We were on our way to Portlock to deliver a case to Rob Burns, who founded Local Motion. But first we dropped by the smallest of mom and pop liquor stores, Sue's Mini Mart.
"One case isn't going to do it," said owner Sue Nakanishi. This was just a gift, explained Primo's brand manager, Kyle Wortham, in for the occasion from Chicago. The real delivery would come Tuesday.
"How come such a little store is special then?" asked Nakanishi.
It's guerilla marketing. "We spent most of the marketing budget on this van, anyway," says Wortham. "We have to do it this way."
Pabst, which owns Primo, is famous for its guerilla marketing. Somehow it took Pabst Blue Ribbon from a 126-year-old, moribund brand for retired Midwestern factory workers and turned it into the beer of choice for bike messengers, snowboarders and indie bands.
"Wish we'd done that on purpose," says Wortham. "We're not that smart."
Still, we were handing out Primo to mom and pop stores, surf celebrities, even civilians -- pizza delivery guys, tourist tram drivers, passing pedestrians.
"For pau hana, brah," Watson would warn them.
Watson drops off a Primo pop-up tent to waterman Terry Ahui, to use at a bodysurfing competition.
"We gonna get the tent back?" asks Wortham.
"Doubt it," says Watson.

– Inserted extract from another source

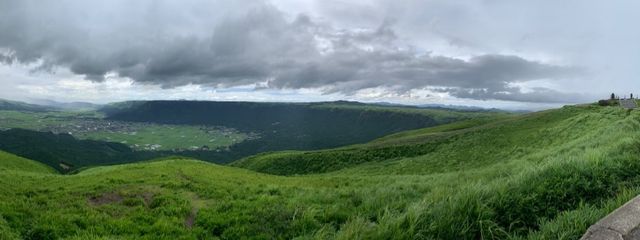 紫草 琥珀♤★さんの壁紙画像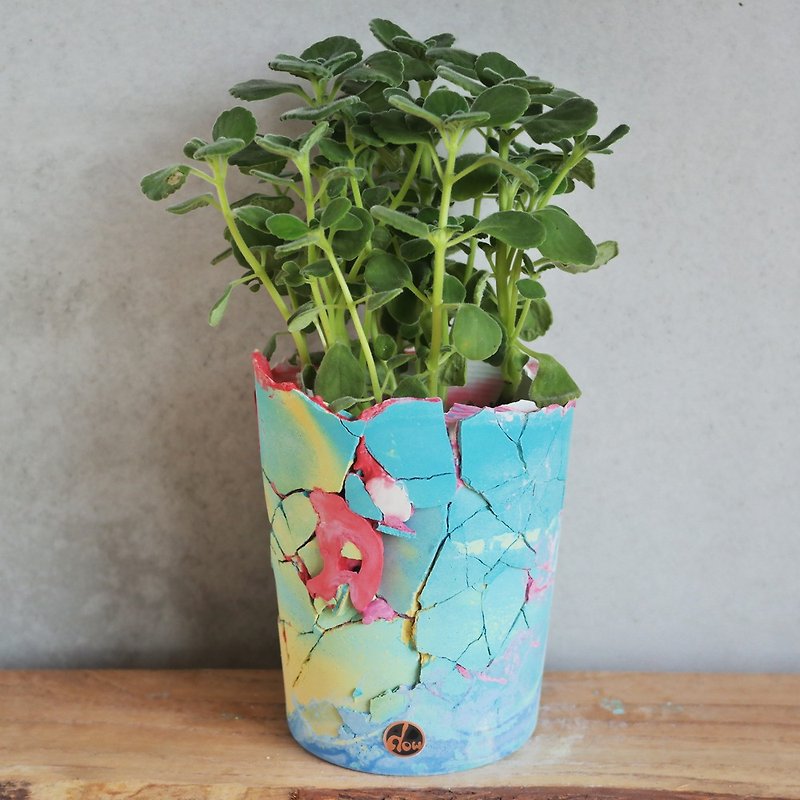 Peas Succulents and Small Groceries - Handmade Devon Shakes Series-12 - Plants - Cement Multicolor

Watson's next plan is to drive out to Makaha and pass out Primos to the surfers gathered under the hau tree there.
I ask Watson whether he enjoys this gig. He looks at me like I'm nuts. "Are you asking me whether I like driving around in this great van, giving beer to my friends?" He shakes his head. "Here, you try driving it."
In Sam Choy We Trust
Finally caught up with San Francisco's most famous Asian chef, Charles Phan of The Slanted Door, on a cell phone. The former Vietnamese refugee turned food celebrity was driving down to Pebble Beach.
For golf? "Nothing so glamorous," he said. "I've got to feed 150 people tonight. Always working."
He'll even be working when he flies to Honolulu this week. He's expected to feed 600 people at the request of Sam Choy.
"It's hard to say no when a chef asks you," says Phan. "I don't remember which charity it's for. I'll just show up and figure Sam picked a worthy cause."
He did: Big Brothers Big Sisters. The organization's annual "Gourmet Affair" is at the Hilton on Friday; a few tickets are still available: 521-3811.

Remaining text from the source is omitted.